Joe will read $N \sim Pois(\lambda)$ books this year. Each book has a $Pois(\mu)$ number of pages, with book lengths independent of each other and independent of $N$.
a) Find the expected number of book pages that Joe will read next year:
My solution:
Let $X$ be the number of pages read next year. $$E(X) = E(E(X\mid N)) = E(N\mu) = \lambda\mu$$
b) Find the variance of the number of book pages joe will read next year
My solution:
$$Var(X) = E(Var(X\mid N)) + Var(E(X\mid N)) = E(N\mu) + Var(N\mu) = \lambda(\mu + \mu^2)$$
c) For each of the $N$ books, Joe likes it with probability $p$ and dislikes it with probability $1-p$, independently. Find the conditional distribution of how many of the $N$ books Joe likes, given that he dislikes exactly $d$ of the books.
My solution:
$$P(X=k\mid Y=d) = \frac{P(X=k, Y=d)}{P(Y=d)} = \frac{P(N=k+d)}{P(Y=d)} = \frac{\frac{e^{-\lambda}\lambda^{k+d}}{(k+d)!}}{{{\frac{e^{-\lambda q}(\lambda q)^d}{d!}}}}$$
where $Y \sim Pois(\lambda q)$
Could somebody please check that my reasoning is correct ? I'm doing this out of a book that doesn't have solutions and I want to catch any systematic error that I'm making ...

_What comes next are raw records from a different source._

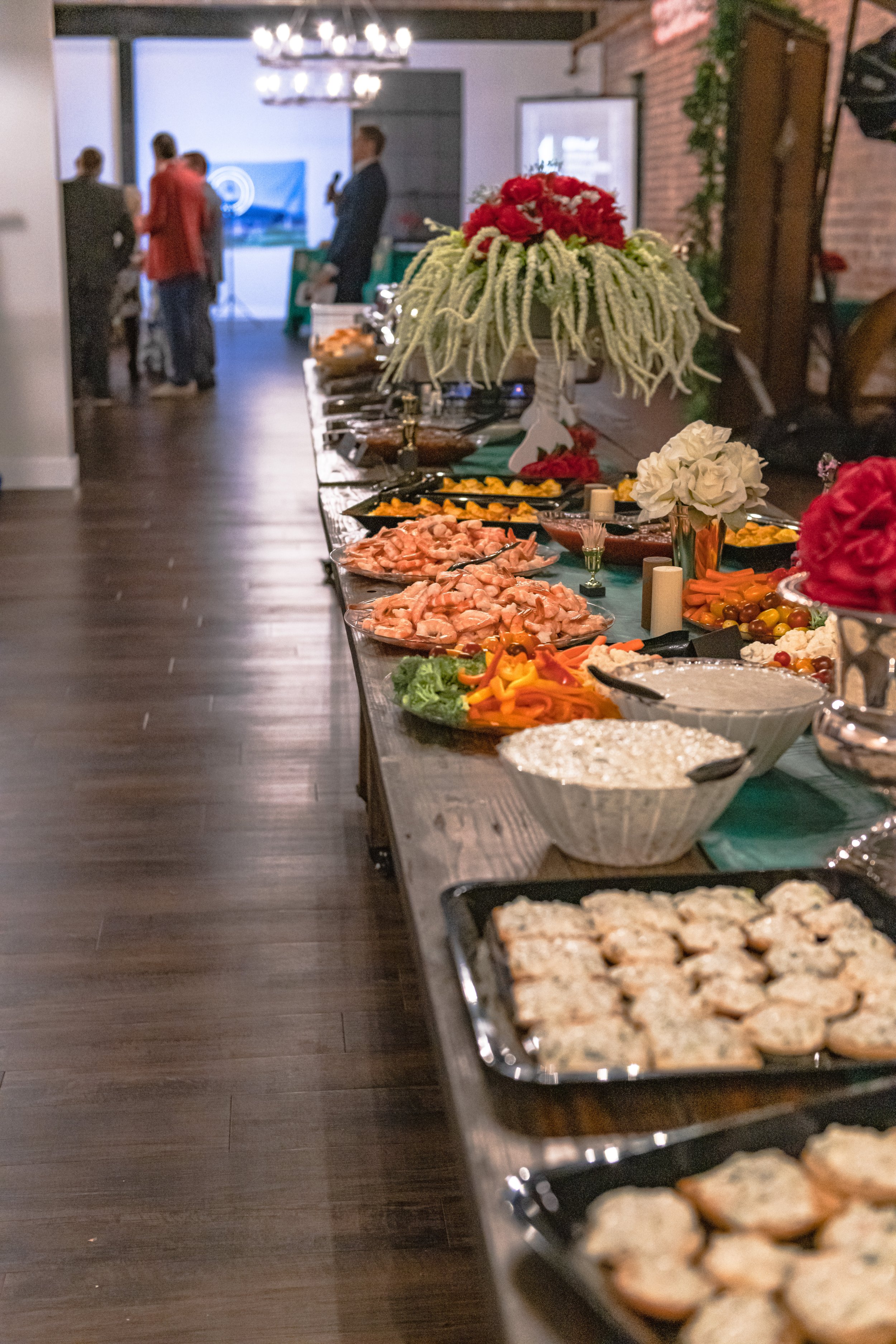 Platters of food, serving bowls and tall floral arrangements line a buffet table beside a wide aisle.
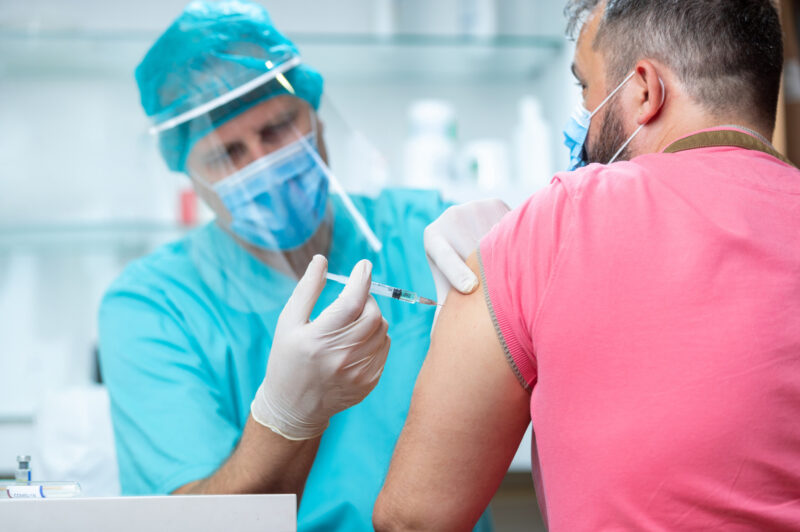 Un homme vu de dos se fait vacciner le bras gauche par un homme portant masque et visière.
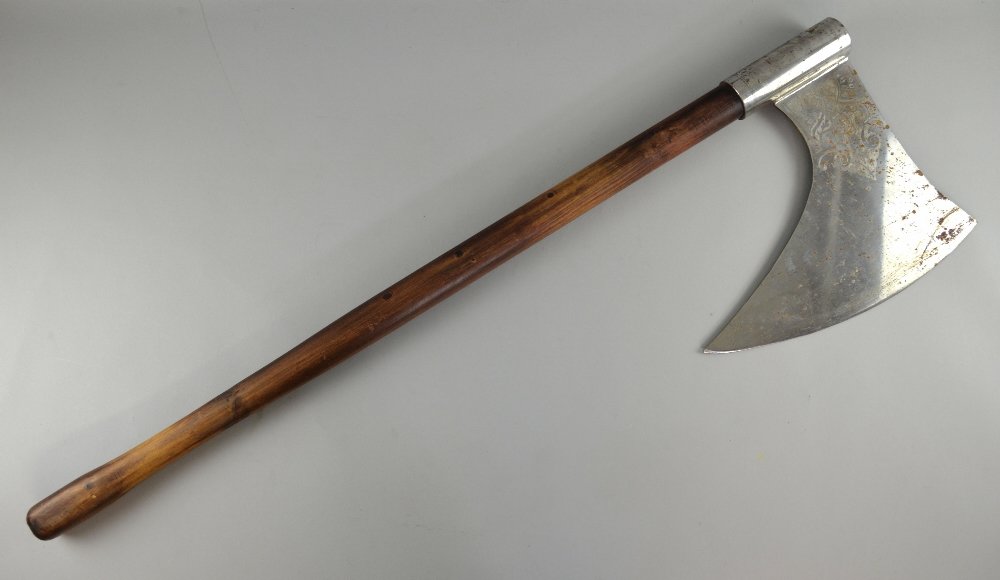 A prop axe, from an unknown production, with shaped: A prop axe, from an unknown production, with shaped wooden handle and etched steel head, length 107.5cmProvenance: From the Estate of Sir Christopher Lee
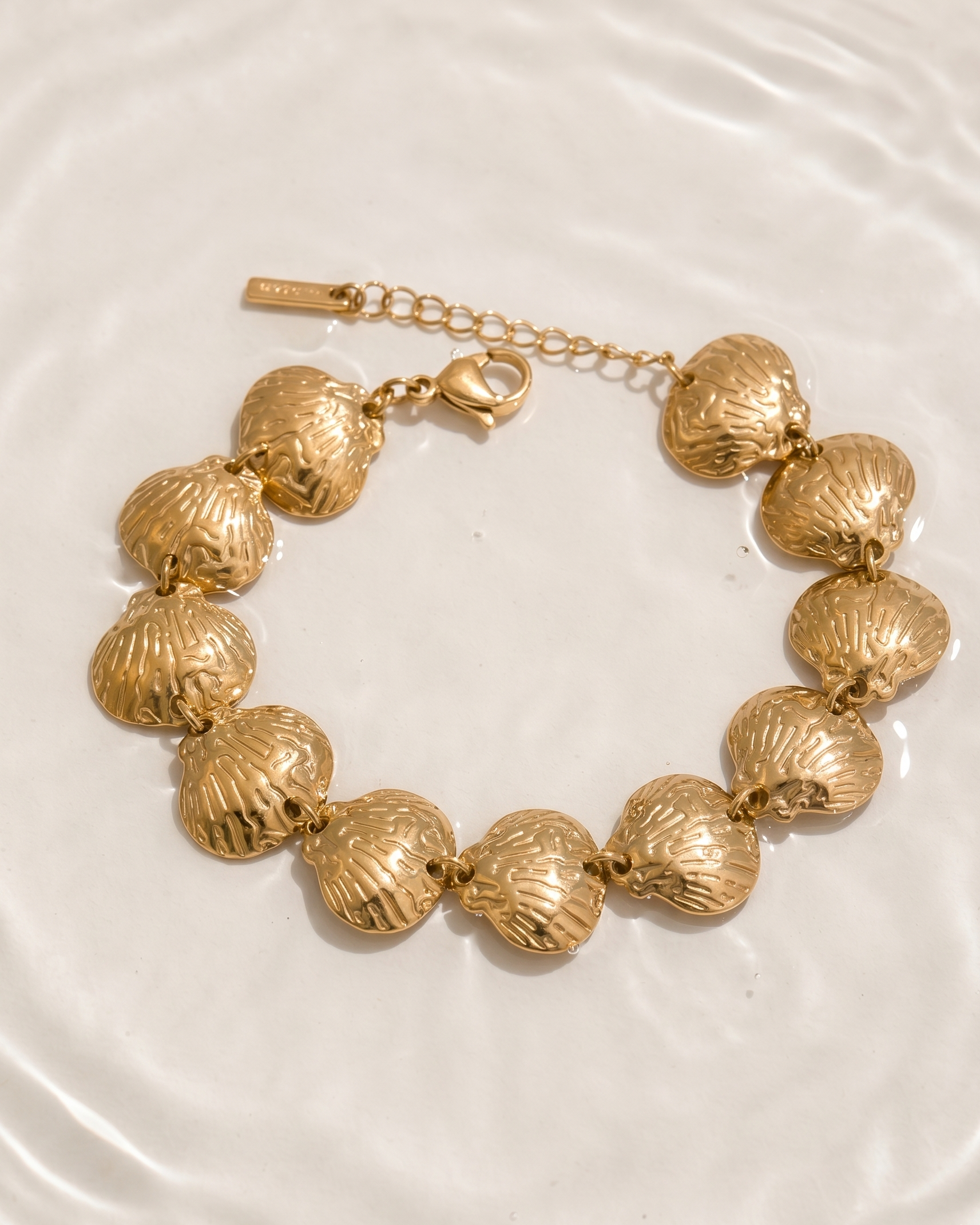 Gold bracelet on a white plate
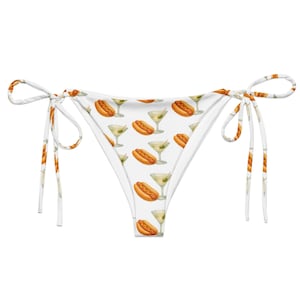 May include: A white bikini bottom featuring a repeating pattern of hot dogs and martini glasses with olives. The garment has thin side ties for adjustment, a low-rise cut, and a clean white background that highlights the colorful food and drink print.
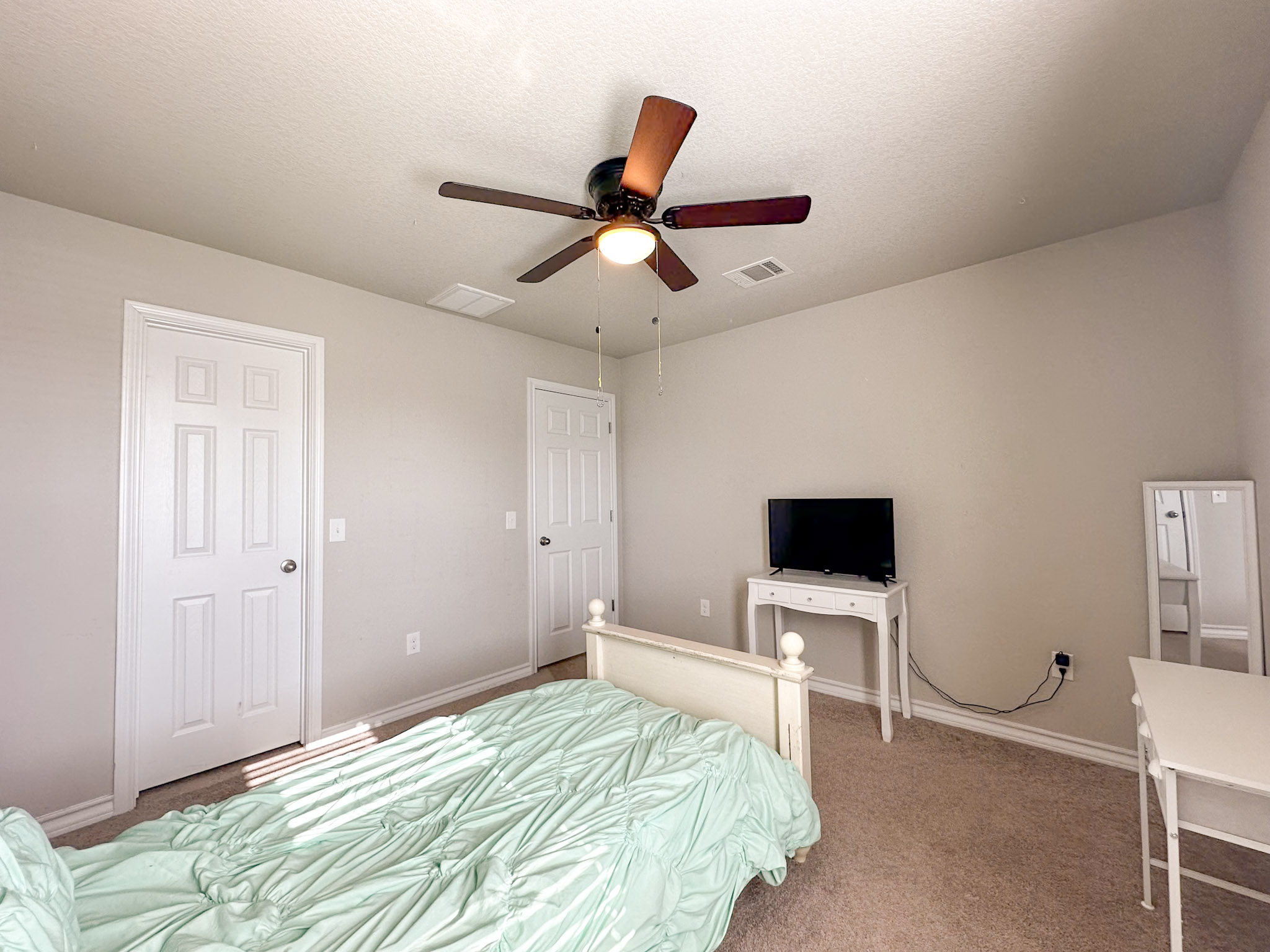 11005 Players Path Austin, TX 78747 - Photo 25 of 40 Carpeted bedroom with a ceiling fan and a textured ceiling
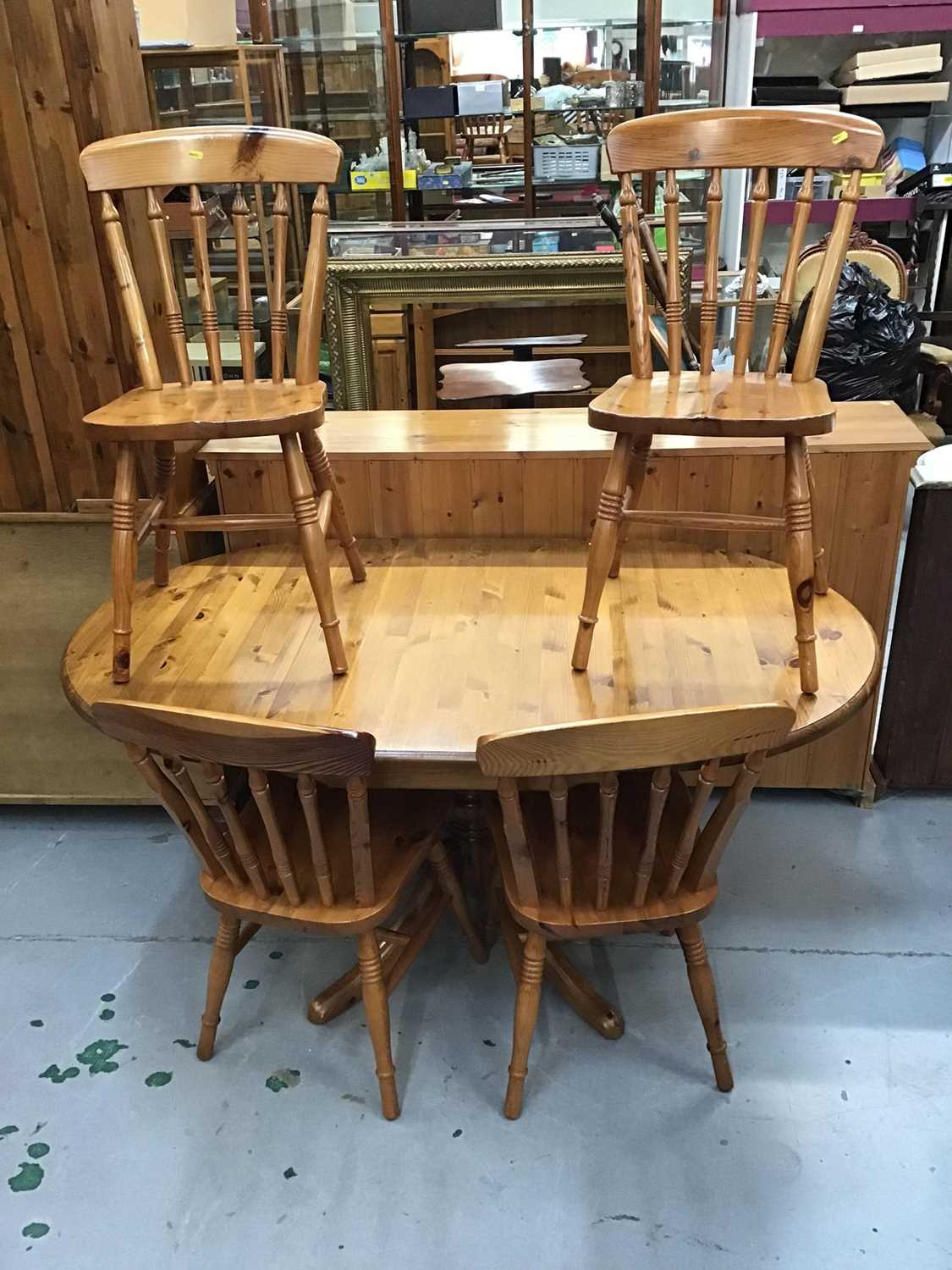 Lot 935 - Pine oval breakfast table and four pine kitchen chairs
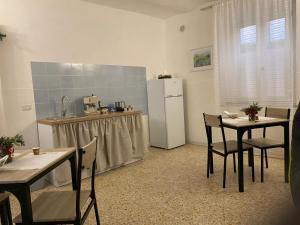 a kitchen with a white refrigerator and tables and chairs at La Bouganville B&B in Sora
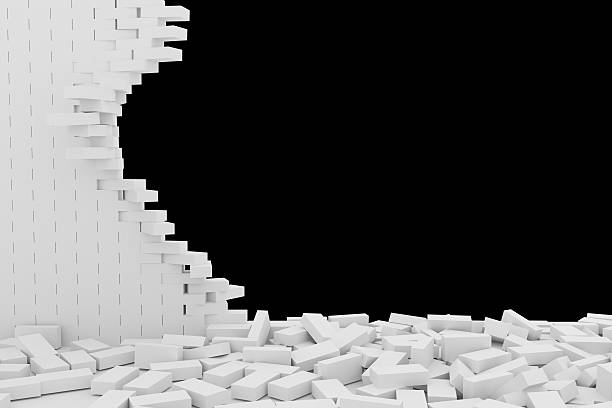 istock Destruction of a white brick wall on black background 523246964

Let $P_i$ be the number of pages in book $i$ and $S_n:=\sum_{i=1}^n P_i$ for nonnegative integers $i$, $n$. It is straightforward to show that $S_n\sim\mathrm{Pois}(n\mu)$. By Wald's identity, the expected total number of pages read is $$ \mathbb E[S_N] = \mathbb E[N]\mathbb E[P_1] = \lambda\mu. $$ To compute the variance of $S_N$, we use the law of total variance: \begin{align} \mathrm{Var}(S_N) &= \mathbb E[\mathrm{Var}(S_N\mid N)] + \mathrm{Var}(\mathbb E[S_N\mid N])\\ &= \mathbb E[N\cdot\mathrm{Var}(P_1)]+\mathrm{Var}(N\cdot\mathbb E[P_1])\\ &= \mu\mathbb E[N] +\mu^2\mathrm{Var}(N)\\ &= \lambda\mu(1+\mu). \end{align} For part c) I am not sure, but I don't believe your solution is correct.